→ **PROBLEM DETAILS**
Write down exactly the lines of the listing below, beginning with the one containing "MERCEDES-BENZ GLA 1.3" and closing with the final line.
(RECORDED DATA)
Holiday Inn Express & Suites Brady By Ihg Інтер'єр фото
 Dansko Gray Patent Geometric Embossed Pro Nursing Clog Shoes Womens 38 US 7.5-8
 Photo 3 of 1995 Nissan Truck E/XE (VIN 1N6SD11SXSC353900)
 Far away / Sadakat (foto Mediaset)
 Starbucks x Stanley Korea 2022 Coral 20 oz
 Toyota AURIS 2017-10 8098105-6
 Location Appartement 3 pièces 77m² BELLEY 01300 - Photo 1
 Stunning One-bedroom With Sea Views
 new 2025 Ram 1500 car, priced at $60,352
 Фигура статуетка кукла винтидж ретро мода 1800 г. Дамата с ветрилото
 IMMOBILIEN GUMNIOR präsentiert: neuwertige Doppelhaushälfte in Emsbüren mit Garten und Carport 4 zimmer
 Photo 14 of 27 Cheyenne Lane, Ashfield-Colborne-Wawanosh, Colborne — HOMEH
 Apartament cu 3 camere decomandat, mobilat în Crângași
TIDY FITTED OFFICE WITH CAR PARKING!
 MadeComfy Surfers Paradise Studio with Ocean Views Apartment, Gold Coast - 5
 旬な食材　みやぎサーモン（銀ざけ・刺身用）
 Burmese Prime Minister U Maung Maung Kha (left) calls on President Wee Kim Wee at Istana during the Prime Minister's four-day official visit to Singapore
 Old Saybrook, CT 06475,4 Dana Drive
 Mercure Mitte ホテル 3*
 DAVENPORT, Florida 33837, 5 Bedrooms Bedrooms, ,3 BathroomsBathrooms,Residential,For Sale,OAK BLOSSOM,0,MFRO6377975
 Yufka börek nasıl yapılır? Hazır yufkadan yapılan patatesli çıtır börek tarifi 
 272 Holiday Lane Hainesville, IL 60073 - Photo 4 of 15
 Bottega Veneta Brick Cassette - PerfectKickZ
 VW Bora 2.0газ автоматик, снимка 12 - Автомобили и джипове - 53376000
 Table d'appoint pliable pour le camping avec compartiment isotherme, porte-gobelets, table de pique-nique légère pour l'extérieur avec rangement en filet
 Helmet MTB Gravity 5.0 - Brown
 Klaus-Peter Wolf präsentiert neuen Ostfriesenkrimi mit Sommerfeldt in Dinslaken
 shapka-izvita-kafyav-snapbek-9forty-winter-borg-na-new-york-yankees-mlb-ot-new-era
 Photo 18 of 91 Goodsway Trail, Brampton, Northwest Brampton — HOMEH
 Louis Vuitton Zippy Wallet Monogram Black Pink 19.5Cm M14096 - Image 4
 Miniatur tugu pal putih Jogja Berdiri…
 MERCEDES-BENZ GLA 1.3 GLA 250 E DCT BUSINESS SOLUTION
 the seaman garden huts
(End RECORDED DATA)
→ **COMPLETED EXERCISE**
 MERCEDES-BENZ GLA 1.3 GLA 250 E DCT BUSINESS SOLUTION
 the seaman garden huts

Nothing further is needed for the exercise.